Le
jeune page
Ecosse
Traduction _ Armanel - conteur
Il y avait autrefois un jeune page, dans un château très renommé d’Ecosse. Ce jeune garçon avait un bon tempérament, un bon caractère, et ne rechignait pas à la besogne. Ce qui faisait que tout le monde, depuis le seigneur du château jusqu’à la plus petite servante, l’appréciait grandement.
Ce château( que tous ceux qui connaissent bien l’Ecosse reconnaîtront) se tenait au sommet d’une falaise vertigineuse qui surplombait la mer.

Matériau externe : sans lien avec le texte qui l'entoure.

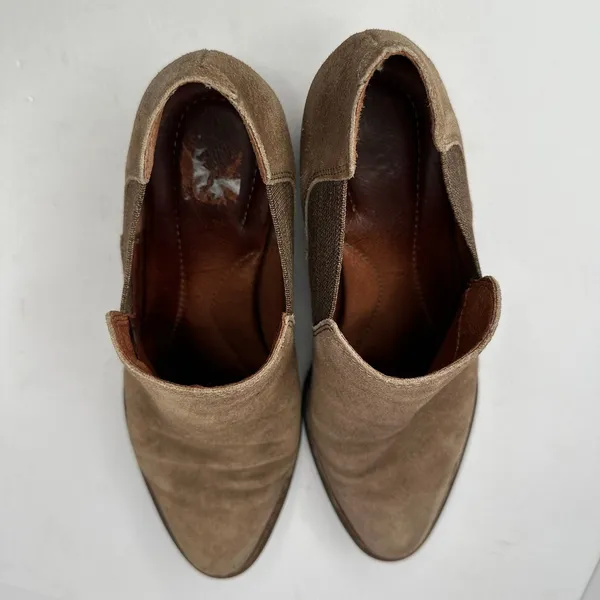 Born Suede Ankle Booties Size 10 Womens Taupe Chelsea Block Heel Shootie Western - Image 5
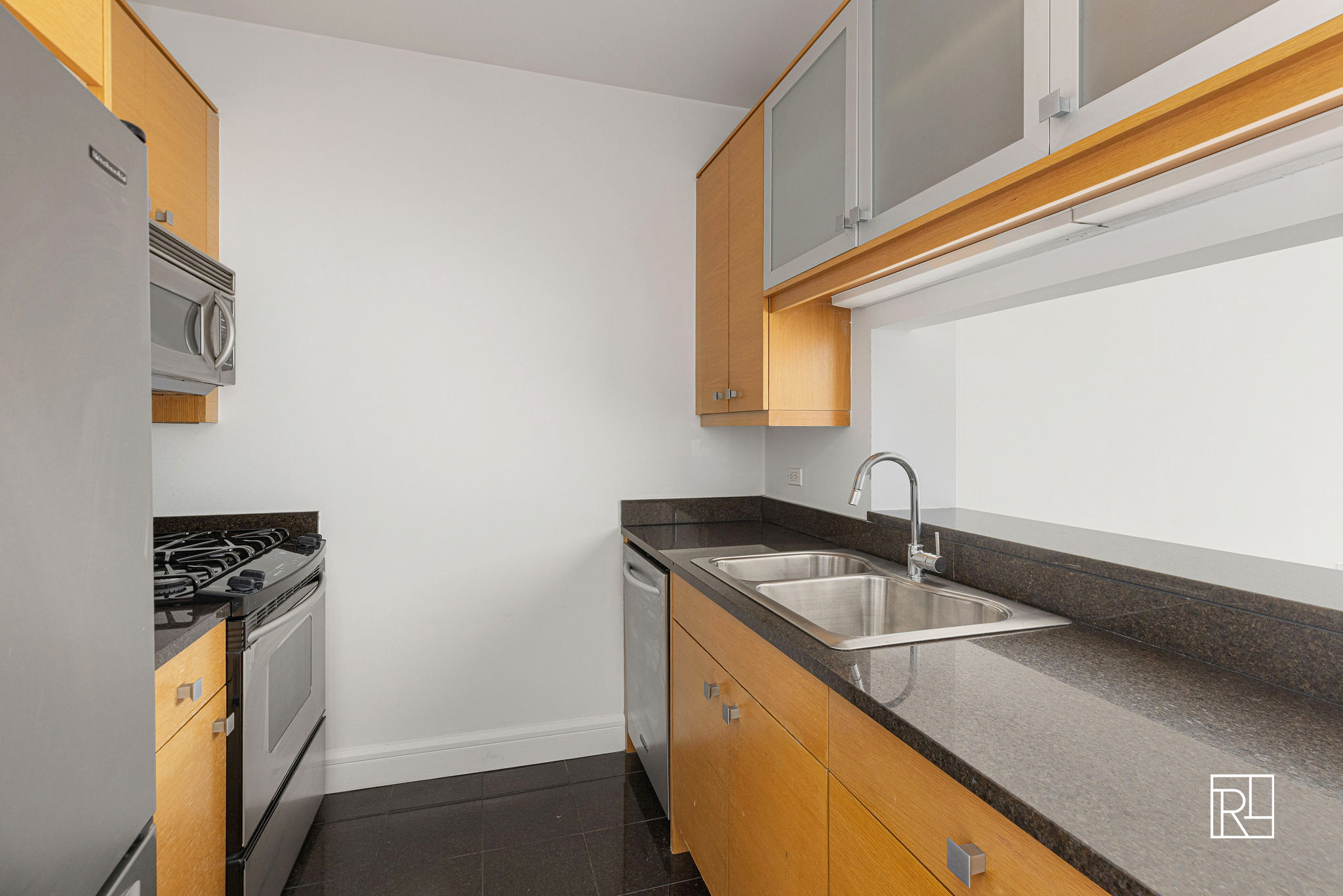 120 Riverside Boulevard, Unit 7U Manhattan, NY 10069 - Photo 9 of 21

Bien évidemment ses murs étaient épais, hauts et construits avec des pierres résistantes, mais il y avait une petite porte (une poterne) qui donnait sur une volée de marches qui descendait jusqu’au rivage. Ce qui permettait à tout un chacun de descendre sur la grève, notamment durant les belles soirées d’été et de se baigner à la lueur du soleil couchant.

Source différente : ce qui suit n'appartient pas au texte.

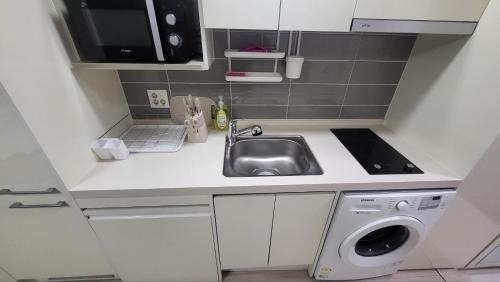 Seocho-dong Apartment | 1-3508 #Sinnonhyeon High-rise View #Garden View #Gangnam Station Line 2, Sinbundang Line #Sinnonhyeon Station Line 9 #Hotel Bedding #New Building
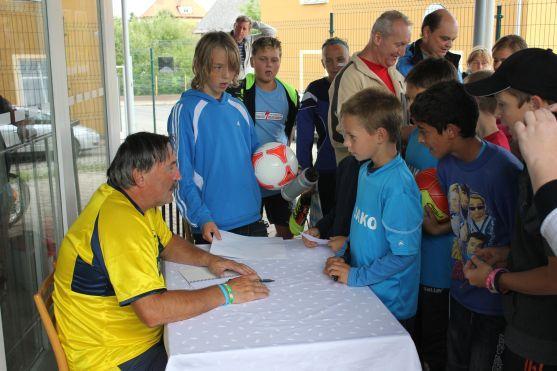 Tým fotbalových legend a herců Arabela pobavil broumovské publikum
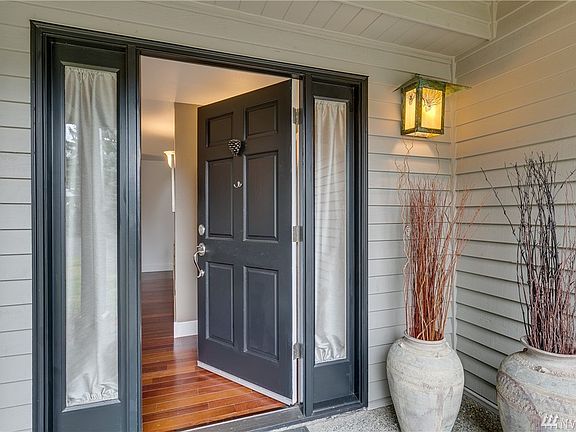 2nd image of 21059 NE 42nd St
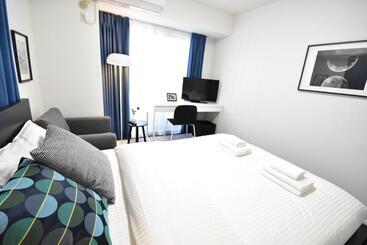 Lang Hotel Ginza 1k With Kitchen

De l’autre côté du château il y avait des jardins d’agrément et des vergers qui s’étendaient à perte de vue jusqu’au landes de bruyères qui s’arrêtaient au pied des grandes collines qui bouchaient l’horizon.
Le jeune page adorait se promener à travers la lande durant ses temps libres. Il fallait le voir courir à perdre haleine jusqu’à tomber inanimé, poursuivre les abeilles et les bourdons sauvages, chasser les papillons qui pullulaient, et observer les nids des oiseaux.
S’il y avait quelqu’un, au château, qui ne trouvait rien à redire à cela, c’était le vieux majordome qui comprenait qu’un jeune garçon avait besoin de liberté et de plein air pour s’épanouir. Mais chaque fois que notre page se préparait à partir, le majordome ne pouvait s’empêcher de lui donner l’avertissement suivant :
« _ Ecoutes-moi bien mon garçon, cours autant que tu veux, vas ou bon te plaît, mais ne pénètre pas sur le dôme des fées, car il est habité par des êtres à qui on ne peut pas faire se fier. »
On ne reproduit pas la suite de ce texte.